# DATASET EXTRACT:

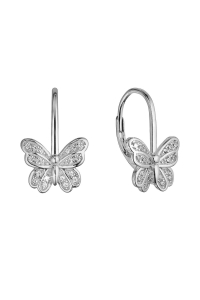 Strieborné náušnice motýliky so zirkónmi 11500.1 crystal Obrázok pre Strieborné náušnice motýliky so zirkónmi 11500.1 crystal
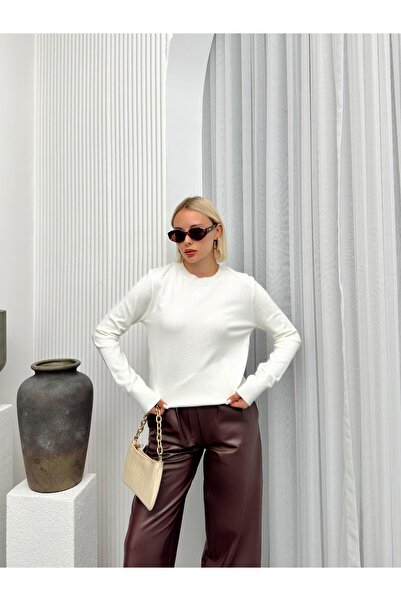 Olcay Ekru 8235 Crew Neck Knitwear Sweater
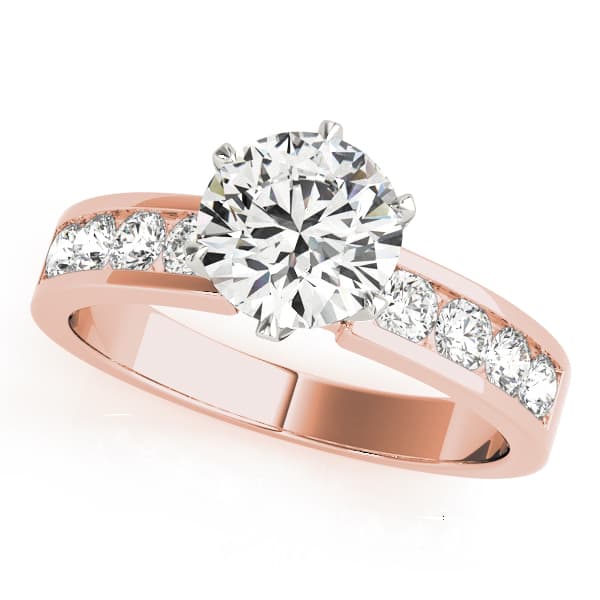 Single Row Channel Set Engagement Ring, style 50520, Front view in rose gold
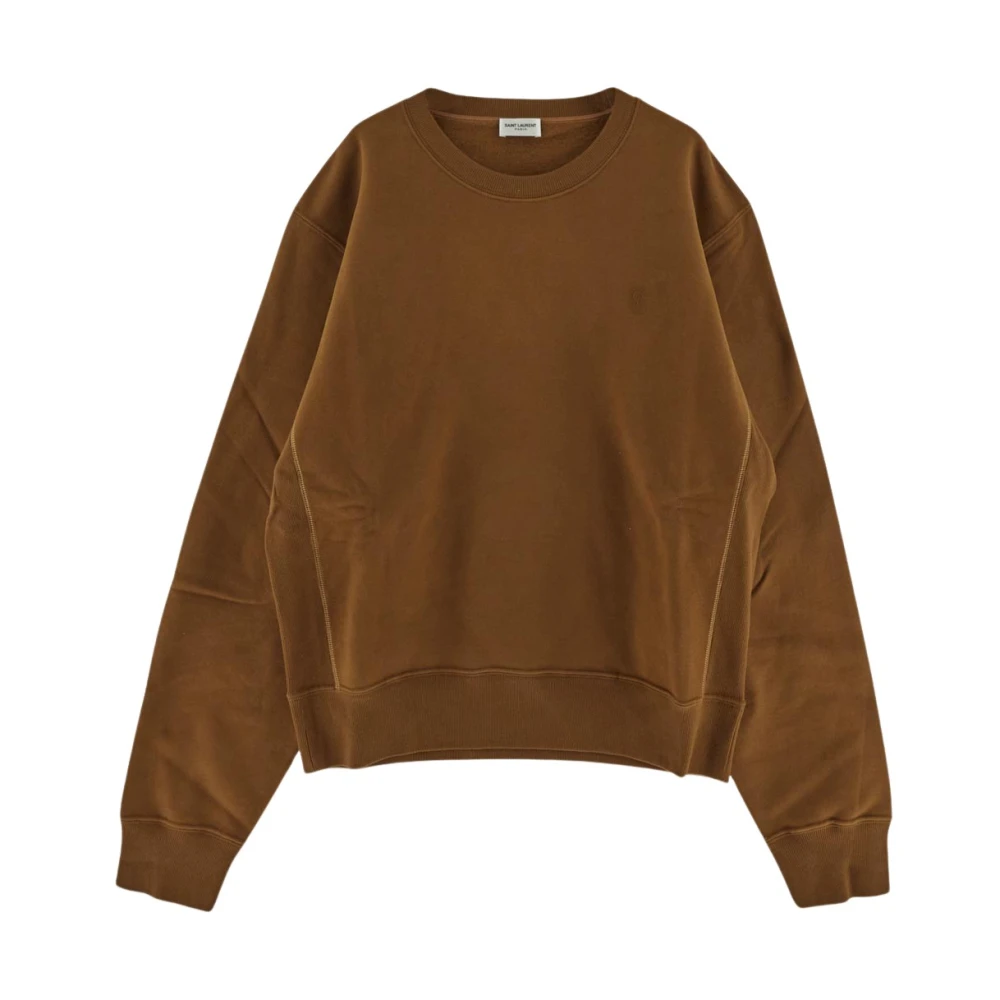 Saint Laurent Katoenen Logo Sweatshirt Orange Heren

# TASK DETAILS:
What is needed is the whole listing again, exactly as written, with the images left out.

# RESULT OF THE TASK:
 Strieborné náušnice motýliky so zirkónmi 11500.1 crystal Obrázok pre Strieborné náušnice motýliky so zirkónmi 11500.1 crystal
 Olcay Ekru 8235 Crew Neck Knitwear Sweater
 Single Row Channel Set Engagement Ring, style 50520, Front view in rose gold
 Saint Laurent Katoenen Logo Sweatshirt Orange Heren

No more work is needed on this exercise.